Il tema della morte pervade tutta la produzione di Yasushi Inoue, pensiamo a Ricordi di mia madre:
‘- La nonna s’è guastata -, aveva commentato il nipote. Ripeteva continuamente le stesse cose, come un disco rotto. In una prima fase era tornata adolescente, innamorata persa di un cugino e non voleva neanche sentir nominare il marito. L’aveva servito e riverito per tutta la vita e adesso non se n’era andato. Argomento chiuso. Sembrava insensibile, dura, poi tornava la stessa deliziosa vecchietta che offriva tè e pasticcini, che giocava coi nipoti. Gli sbalzi d‘umore erano improvvisi, sconcertanti. Non si sapeva come prenderla. Forse ne soffriva?’.

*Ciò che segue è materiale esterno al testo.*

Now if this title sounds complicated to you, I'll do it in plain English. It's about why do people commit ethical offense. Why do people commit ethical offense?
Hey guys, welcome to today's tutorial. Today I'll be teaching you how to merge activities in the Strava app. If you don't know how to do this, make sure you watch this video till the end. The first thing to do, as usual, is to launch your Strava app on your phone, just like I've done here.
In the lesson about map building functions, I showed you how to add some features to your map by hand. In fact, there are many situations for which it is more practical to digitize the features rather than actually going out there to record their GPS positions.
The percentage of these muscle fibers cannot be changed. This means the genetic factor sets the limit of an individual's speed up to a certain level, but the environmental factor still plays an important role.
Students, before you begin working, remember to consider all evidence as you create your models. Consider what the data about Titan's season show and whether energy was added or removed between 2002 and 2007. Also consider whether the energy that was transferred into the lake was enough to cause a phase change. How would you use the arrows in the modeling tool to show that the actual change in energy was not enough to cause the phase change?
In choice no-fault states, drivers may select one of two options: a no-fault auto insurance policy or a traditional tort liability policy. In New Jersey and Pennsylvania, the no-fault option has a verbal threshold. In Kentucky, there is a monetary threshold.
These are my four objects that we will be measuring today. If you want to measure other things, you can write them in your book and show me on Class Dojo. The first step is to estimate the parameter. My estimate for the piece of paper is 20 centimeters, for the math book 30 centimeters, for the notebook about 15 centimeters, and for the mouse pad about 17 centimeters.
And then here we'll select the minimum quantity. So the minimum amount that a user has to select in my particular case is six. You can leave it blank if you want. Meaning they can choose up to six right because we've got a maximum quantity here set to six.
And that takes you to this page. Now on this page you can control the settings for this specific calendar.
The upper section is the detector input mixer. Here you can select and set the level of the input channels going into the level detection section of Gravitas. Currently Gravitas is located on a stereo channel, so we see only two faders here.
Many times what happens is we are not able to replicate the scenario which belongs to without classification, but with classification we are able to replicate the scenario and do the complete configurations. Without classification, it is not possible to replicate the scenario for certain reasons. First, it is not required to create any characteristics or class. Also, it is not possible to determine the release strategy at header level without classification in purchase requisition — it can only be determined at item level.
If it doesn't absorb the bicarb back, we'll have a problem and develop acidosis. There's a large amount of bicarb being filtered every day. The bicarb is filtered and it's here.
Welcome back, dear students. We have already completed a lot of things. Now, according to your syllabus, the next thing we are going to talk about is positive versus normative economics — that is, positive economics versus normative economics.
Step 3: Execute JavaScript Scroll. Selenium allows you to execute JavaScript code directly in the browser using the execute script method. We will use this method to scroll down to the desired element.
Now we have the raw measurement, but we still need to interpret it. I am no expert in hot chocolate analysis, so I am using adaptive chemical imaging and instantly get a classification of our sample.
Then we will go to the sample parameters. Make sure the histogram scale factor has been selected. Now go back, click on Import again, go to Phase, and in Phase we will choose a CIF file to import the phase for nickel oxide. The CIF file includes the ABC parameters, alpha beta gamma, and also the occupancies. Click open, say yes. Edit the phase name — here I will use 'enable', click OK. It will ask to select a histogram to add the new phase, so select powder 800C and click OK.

Una notte Ysushi fa un sogno. La madre gridava aiuto e vorticava con le braccia nel disperato tentativo di opporsi al vento che la trascinava via. Quel sogno lo riconcilia con lei, con quei suoi movimenti dotati di una strana leggerezza, quasi non avesse consistenza. Era morta nel sonno, senza recare disturbo a nessuno. Aveva quasi novant’anni e non s’era mai ammalata. Il giorno del suo funerale il fatto che il tempo ‘fosse così deliziosamente sereno mi parve merito suo, come se anche per morire avesse scelto il giorno adatto, a suo talento’.
Uniti dal tema della morte sono anche i tre struggenti racconti di Amore. Tutti i protagonisti scelgono per meta del loro pellegrinaggio dei luoghi significativi, perché evocano ricordi o perché famosi per la loro bellezza. Ognuno di loro è certo di essere finalmente nel posto giusto con la persona giusta, ma il destino sarà imprevedibile e tragico. Anche il lettore, avvinto nella minuzia dei preparativi, nelle limpide descrizioni dei paesaggi, nella storia che sembra procedere inevitabilmente verso il suo epilogo, resta deliziosamente beffato.
Una scrittura cristallina quella di Inoue Yasushi: ogni particolare, ogni osservazione è essenziale per rendere l’atmosfera, i caratteri, lo sviluppo della storia. Un po’ come nei dipinti giapponesi in cui ogni particolare effimero, ramo, piega del kimono, montagna, ruscello, è simbolico e si fonde col testo poetico che lo accompagna.
La bellezza nasce dall’equilibrio dell’insieme, che si sposta continuamente da un oggetto a un ideogramma, alla contemplazione della fioritura dei susini, di una scogliera, di un bosco sotto la neve, e porta inevitabilmente verso l’annientamento di sé, al Nulla.